Required work: The records that follow should be retyped word for word.

Recorded data:
☆ ☆ ☆ ☆ ☆ ☆ ☆

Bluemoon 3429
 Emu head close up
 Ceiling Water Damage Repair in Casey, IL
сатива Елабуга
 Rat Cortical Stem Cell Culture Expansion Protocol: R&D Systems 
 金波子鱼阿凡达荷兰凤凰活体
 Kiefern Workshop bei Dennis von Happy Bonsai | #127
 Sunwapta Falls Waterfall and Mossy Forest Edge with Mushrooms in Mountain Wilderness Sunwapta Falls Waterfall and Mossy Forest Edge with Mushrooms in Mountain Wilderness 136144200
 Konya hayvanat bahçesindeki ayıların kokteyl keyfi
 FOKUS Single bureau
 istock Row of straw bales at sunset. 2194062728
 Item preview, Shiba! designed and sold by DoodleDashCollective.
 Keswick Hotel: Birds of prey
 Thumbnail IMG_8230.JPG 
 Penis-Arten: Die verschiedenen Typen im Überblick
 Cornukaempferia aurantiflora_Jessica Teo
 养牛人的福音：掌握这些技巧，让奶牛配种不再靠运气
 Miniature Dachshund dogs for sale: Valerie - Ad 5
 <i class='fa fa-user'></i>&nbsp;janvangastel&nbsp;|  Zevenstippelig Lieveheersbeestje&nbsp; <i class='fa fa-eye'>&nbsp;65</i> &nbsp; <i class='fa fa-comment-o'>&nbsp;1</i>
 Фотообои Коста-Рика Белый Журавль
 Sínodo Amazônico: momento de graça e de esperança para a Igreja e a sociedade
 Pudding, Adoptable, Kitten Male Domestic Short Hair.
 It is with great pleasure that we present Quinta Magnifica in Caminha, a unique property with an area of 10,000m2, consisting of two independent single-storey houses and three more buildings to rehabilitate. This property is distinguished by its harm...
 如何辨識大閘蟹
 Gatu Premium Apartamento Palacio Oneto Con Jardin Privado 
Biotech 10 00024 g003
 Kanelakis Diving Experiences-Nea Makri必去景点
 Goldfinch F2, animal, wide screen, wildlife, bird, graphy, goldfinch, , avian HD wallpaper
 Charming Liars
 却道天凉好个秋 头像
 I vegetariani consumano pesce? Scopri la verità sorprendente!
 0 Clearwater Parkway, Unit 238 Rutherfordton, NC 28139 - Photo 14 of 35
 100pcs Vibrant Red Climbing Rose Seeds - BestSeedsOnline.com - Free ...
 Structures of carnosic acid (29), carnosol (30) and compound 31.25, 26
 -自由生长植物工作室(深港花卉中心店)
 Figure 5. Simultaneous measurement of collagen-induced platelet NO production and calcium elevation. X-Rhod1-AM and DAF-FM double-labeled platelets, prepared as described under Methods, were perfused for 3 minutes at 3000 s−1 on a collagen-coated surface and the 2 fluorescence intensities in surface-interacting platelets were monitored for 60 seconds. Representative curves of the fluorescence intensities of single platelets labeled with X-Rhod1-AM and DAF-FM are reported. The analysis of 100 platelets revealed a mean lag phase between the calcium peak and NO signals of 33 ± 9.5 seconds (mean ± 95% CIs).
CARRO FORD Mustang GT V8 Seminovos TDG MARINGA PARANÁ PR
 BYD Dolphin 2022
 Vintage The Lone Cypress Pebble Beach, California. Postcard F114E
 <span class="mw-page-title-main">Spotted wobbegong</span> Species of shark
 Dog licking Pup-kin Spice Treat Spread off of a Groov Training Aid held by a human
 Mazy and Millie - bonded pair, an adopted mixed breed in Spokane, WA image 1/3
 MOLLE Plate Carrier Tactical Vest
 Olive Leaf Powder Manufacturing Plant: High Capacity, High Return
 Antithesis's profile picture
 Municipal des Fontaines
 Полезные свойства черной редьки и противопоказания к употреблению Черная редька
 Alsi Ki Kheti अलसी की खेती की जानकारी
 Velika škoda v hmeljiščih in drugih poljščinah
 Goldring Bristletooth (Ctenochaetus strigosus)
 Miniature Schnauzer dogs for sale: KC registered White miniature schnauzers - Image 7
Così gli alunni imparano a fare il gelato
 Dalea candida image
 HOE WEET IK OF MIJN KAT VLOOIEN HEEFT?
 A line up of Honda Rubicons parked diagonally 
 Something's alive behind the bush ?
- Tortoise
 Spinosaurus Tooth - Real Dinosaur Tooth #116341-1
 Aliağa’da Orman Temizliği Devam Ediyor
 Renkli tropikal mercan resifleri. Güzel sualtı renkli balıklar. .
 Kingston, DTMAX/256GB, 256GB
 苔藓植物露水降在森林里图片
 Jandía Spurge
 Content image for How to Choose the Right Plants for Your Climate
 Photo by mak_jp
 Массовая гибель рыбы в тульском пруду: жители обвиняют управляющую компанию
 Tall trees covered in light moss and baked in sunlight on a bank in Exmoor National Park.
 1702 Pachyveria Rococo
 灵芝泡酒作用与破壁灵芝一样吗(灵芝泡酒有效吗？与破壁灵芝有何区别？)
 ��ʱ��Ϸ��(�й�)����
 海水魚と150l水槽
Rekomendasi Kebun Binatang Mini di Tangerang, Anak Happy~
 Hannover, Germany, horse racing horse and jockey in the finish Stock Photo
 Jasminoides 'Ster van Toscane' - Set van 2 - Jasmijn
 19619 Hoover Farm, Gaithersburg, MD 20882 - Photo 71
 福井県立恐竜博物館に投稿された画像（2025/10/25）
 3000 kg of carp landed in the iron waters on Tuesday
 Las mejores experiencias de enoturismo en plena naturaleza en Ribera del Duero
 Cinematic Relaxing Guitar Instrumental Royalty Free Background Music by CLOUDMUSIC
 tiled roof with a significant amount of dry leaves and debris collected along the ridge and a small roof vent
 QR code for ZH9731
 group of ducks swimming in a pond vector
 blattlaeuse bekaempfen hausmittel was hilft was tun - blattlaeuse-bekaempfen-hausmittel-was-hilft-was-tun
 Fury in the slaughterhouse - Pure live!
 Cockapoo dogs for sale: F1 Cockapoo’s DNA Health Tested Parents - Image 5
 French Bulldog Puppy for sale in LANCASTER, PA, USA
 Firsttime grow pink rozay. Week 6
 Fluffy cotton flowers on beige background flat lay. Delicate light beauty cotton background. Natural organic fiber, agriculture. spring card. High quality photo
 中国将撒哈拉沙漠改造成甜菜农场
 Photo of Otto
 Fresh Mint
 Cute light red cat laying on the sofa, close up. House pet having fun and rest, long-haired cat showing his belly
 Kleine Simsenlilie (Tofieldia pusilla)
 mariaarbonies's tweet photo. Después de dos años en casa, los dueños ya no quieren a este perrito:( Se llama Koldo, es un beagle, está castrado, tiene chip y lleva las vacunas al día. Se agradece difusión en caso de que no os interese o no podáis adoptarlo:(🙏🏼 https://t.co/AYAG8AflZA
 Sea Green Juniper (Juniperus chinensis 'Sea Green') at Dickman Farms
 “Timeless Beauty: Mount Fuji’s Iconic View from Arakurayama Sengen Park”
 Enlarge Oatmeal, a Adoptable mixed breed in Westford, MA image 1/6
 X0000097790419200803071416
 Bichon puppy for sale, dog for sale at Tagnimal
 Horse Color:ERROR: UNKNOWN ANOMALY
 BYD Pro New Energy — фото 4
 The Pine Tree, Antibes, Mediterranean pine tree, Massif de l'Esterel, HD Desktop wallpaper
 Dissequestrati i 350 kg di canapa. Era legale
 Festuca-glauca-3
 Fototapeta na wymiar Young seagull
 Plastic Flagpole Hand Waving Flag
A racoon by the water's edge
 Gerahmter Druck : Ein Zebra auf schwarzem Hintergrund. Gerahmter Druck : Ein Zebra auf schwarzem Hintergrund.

☆ ☆ ☆ ☆ ☆ ☆ ☆

Answer box:
Bluemoon 3429
 Emu head close up
 Ceiling Water Damage Repair in Casey, IL
сатива Елабуга
 Rat Cortical Stem Cell Culture Expansion Protocol: R&D Systems 
 金波子鱼阿凡达荷兰凤凰活体
 Kiefern Workshop bei Dennis von Happy Bonsai | #127
 Sunwapta Falls Waterfall and Mossy Forest Edge with Mushrooms in Mountain Wilderness Sunwapta Falls Waterfall and Mossy Forest Edge with Mushrooms in Mountain Wilderness 136144200
 Konya hayvanat bahçesindeki ayıların kokteyl keyfi
 FOKUS Single bureau
 istock Row of straw bales at sunset. 2194062728
 Item preview, Shiba! designed and sold by DoodleDashCollective.
 Keswick Hotel: Birds of prey
 Thumbnail IMG_8230.JPG 
 Penis-Arten: Die verschiedenen Typen im Überblick
 Cornukaempferia aurantiflora_Jessica Teo
 养牛人的福音：掌握这些技巧，让奶牛配种不再靠运气
 Miniature Dachshund dogs for sale: Valerie - Ad 5
 <i class='fa fa-user'></i>&nbsp;janvangastel&nbsp;|  Zevenstippelig Lieveheersbeestje&nbsp; <i class='fa fa-eye'>&nbsp;65</i> &nbsp; <i class='fa fa-comment-o'>&nbsp;1</i>
 Фотообои Коста-Рика Белый Журавль
 Sínodo Amazônico: momento de graça e de esperança para a Igreja e a sociedade
 Pudding, Adoptable, Kitten Male Domestic Short Hair.
 It is with great pleasure that we present Quinta Magnifica in Caminha, a unique property with an area of 10,000m2, consisting of two independent single-storey houses and three more buildings to rehabilitate. This property is distinguished by its harm...
 如何辨識大閘蟹
 Gatu Premium Apartamento Palacio Oneto Con Jardin Privado 
Biotech 10 00024 g003
 Kanelakis Diving Experiences-Nea Makri必去景点
 Goldfinch F2, animal, wide screen, wildlife, bird, graphy, goldfinch, , avian HD wallpaper
 Charming Liars
 却道天凉好个秋 头像
 I vegetariani consumano pesce? Scopri la verità sorprendente!
 0 Clearwater Parkway, Unit 238 Rutherfordton, NC 28139 - Photo 14 of 35
 100pcs Vibrant Red Climbing Rose Seeds - BestSeedsOnline.com - Free ...
 Structures of carnosic acid (29), carnosol (30) and compound 31.25, 26
 -自由生长植物工作室(深港花卉中心店)
 Figure 5. Simultaneous measurement of collagen-induced platelet NO production and calcium elevation. X-Rhod1-AM and DAF-FM double-labeled platelets, prepared as described under Methods, were perfused for 3 minutes at 3000 s−1 on a collagen-coated surface and the 2 fluorescence intensities in surface-interacting platelets were monitored for 60 seconds. Representative curves of the fluorescence intensities of single platelets labeled with X-Rhod1-AM and DAF-FM are reported. The analysis of 100 platelets revealed a mean lag phase between the calcium peak and NO signals of 33 ± 9.5 seconds (mean ± 95% CIs).
CARRO FORD Mustang GT V8 Seminovos TDG MARINGA PARANÁ PR
 BYD Dolphin 2022
 Vintage The Lone Cypress Pebble Beach, California. Postcard F114E
 <span class="mw-page-title-main">Spotted wobbegong</span> Species of shark
 Dog licking Pup-kin Spice Treat Spread off of a Groov Training Aid held by a human
 Mazy and Millie - bonded pair, an adopted mixed breed in Spokane, WA image 1/3
 MOLLE Plate Carrier Tactical Vest
 Olive Leaf Powder Manufacturing Plant: High Capacity, High Return
 Antithesis's profile picture
 Municipal des Fontaines
 Полезные свойства черной редьки и противопоказания к употреблению Черная редька
 Alsi Ki Kheti अलसी की खेती की जानकारी
 Velika škoda v hmeljiščih in drugih poljščinah
 Goldring Bristletooth (Ctenochaetus strigosus)
 Miniature Schnauzer dogs for sale: KC registered White miniature schnauzers - Image 7
Così gli alunni imparano a fare il gelato
 Dalea candida image
 HOE WEET IK OF MIJN KAT VLOOIEN HEEFT?
 A line up of Honda Rubicons parked diagonally 
 Something's alive behind the bush ?
- Tortoise
 Spinosaurus Tooth - Real Dinosaur Tooth #116341-1
 Aliağa’da Orman Temizliği Devam Ediyor
 Renkli tropikal mercan resifleri. Güzel sualtı renkli balıklar. .
 Kingston, DTMAX/256GB, 256GB
 苔藓植物露水降在森林里图片
 Jandía Spurge
 Content image for How to Choose the Right Plants for Your Climate
 Photo by mak_jp
 Массовая гибель рыбы в тульском пруду: жители обвиняют управляющую компанию
 Tall trees covered in light moss and baked in sunlight on a bank in Exmoor National Park.
 1702 Pachyveria Rococo
 灵芝泡酒作用与破壁灵芝一样吗(灵芝泡酒有效吗？与破壁灵芝有何区别？)
 ��ʱ��Ϸ��(�й�)����
 海水魚と150l水槽
Rekomendasi Kebun Binatang Mini di Tangerang, Anak Happy~
 Hannover, Germany, horse racing horse and jockey in the finish Stock Photo
 Jasminoides 'Ster van Toscane' - Set van 2 - Jasmijn
 19619 Hoover Farm, Gaithersburg, MD 20882 - Photo 71
 福井県立恐竜博物館に投稿された画像（2025/10/25）
 3000 kg of carp landed in the iron waters on Tuesday
 Las mejores experiencias de enoturismo en plena naturaleza en Ribera del Duero
 Cinematic Relaxing Guitar Instrumental Royalty Free Background Music by CLOUDMUSIC
 tiled roof with a significant amount of dry leaves and debris collected along the ridge and a small roof vent
 QR code for ZH9731
 group of ducks swimming in a pond vector
 blattlaeuse bekaempfen hausmittel was hilft was tun - blattlaeuse-bekaempfen-hausmittel-was-hilft-was-tun
 Fury in the slaughterhouse - Pure live!
 Cockapoo dogs for sale: F1 Cockapoo’s DNA Health Tested Parents - Image 5
 French Bulldog Puppy for sale in LANCASTER, PA, USA
 Firsttime grow pink rozay. Week 6
 Fluffy cotton flowers on beige background flat lay. Delicate light beauty cotton background. Natural organic fiber, agriculture. spring card. High quality photo
 中国将撒哈拉沙漠改造成甜菜农场
 Photo of Otto
 Fresh Mint
 Cute light red cat laying on the sofa, close up. House pet having fun and rest, long-haired cat showing his belly
 Kleine Simsenlilie (Tofieldia pusilla)
 mariaarbonies's tweet photo. Después de dos años en casa, los dueños ya no quieren a este perrito:( Se llama Koldo, es un beagle, está castrado, tiene chip y lleva las vacunas al día. Se agradece difusión en caso de que no os interese o no podáis adoptarlo:(🙏🏼 https://t.co/AYAG8AflZA
 Sea Green Juniper (Juniperus chinensis 'Sea Green') at Dickman Farms
 “Timeless Beauty: Mount Fuji’s Iconic View from Arakurayama Sengen Park”
 Enlarge Oatmeal, a Adoptable mixed breed in Westford, MA image 1/6
 X0000097790419200803071416
 Bichon puppy for sale, dog for sale at Tagnimal
 Horse Color:ERROR: UNKNOWN ANOMALY
 BYD Pro New Energy — фото 4
 The Pine Tree, Antibes, Mediterranean pine tree, Massif de l'Esterel, HD Desktop wallpaper
 Dissequestrati i 350 kg di canapa. Era legale
 Festuca-glauca-3
 Fototapeta na wymiar Young seagull
 Plastic Flagpole Hand Waving Flag
A racoon by the water's edge
 Gerahmter Druck : Ein Zebra auf schwarzem Hintergrund. Gerahmter Druck : Ein Zebra auf schwarzem Hintergrund.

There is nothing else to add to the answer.